** DATA EXTRACTS follows **
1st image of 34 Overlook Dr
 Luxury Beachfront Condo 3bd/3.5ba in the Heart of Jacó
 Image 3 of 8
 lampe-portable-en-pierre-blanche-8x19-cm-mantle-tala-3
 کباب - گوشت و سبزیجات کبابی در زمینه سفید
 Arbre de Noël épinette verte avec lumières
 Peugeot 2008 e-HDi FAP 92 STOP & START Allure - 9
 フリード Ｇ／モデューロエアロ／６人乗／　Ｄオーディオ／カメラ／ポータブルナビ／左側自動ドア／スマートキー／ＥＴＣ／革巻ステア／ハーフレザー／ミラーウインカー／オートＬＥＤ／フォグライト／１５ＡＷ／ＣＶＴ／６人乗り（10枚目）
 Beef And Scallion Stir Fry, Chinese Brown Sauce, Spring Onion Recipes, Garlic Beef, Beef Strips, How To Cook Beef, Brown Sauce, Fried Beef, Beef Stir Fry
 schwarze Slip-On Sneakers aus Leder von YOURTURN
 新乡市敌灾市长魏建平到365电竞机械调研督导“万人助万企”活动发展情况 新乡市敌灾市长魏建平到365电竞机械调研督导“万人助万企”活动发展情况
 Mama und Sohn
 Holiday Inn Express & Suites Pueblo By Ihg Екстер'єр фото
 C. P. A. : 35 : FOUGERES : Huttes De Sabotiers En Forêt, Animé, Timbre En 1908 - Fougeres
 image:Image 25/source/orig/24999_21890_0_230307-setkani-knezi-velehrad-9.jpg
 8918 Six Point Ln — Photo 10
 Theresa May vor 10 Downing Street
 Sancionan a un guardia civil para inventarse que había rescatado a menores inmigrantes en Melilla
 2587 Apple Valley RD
** End of DATA EXTRACTS **
Retype, exactly and in full, the lines above from the one containing "Beef And Scallion" through the one containing "8918 Six Point Ln — Photo 10".

OUTPUT FOR THIS TASK
 Beef And Scallion Stir Fry, Chinese Brown Sauce, Spring Onion Recipes, Garlic Beef, Beef Strips, How To Cook Beef, Brown Sauce, Fried Beef, Beef Stir Fry
 schwarze Slip-On Sneakers aus Leder von YOURTURN
 新乡市敌灾市长魏建平到365电竞机械调研督导“万人助万企”活动发展情况 新乡市敌灾市长魏建平到365电竞机械调研督导“万人助万企”活动发展情况
 Mama und Sohn
 Holiday Inn Express & Suites Pueblo By Ihg Екстер'єр фото
 C. P. A. : 35 : FOUGERES : Huttes De Sabotiers En Forêt, Animé, Timbre En 1908 - Fougeres
 image:Image 25/source/orig/24999_21890_0_230307-setkani-knezi-velehrad-9.jpg
 8918 Six Point Ln — Photo 10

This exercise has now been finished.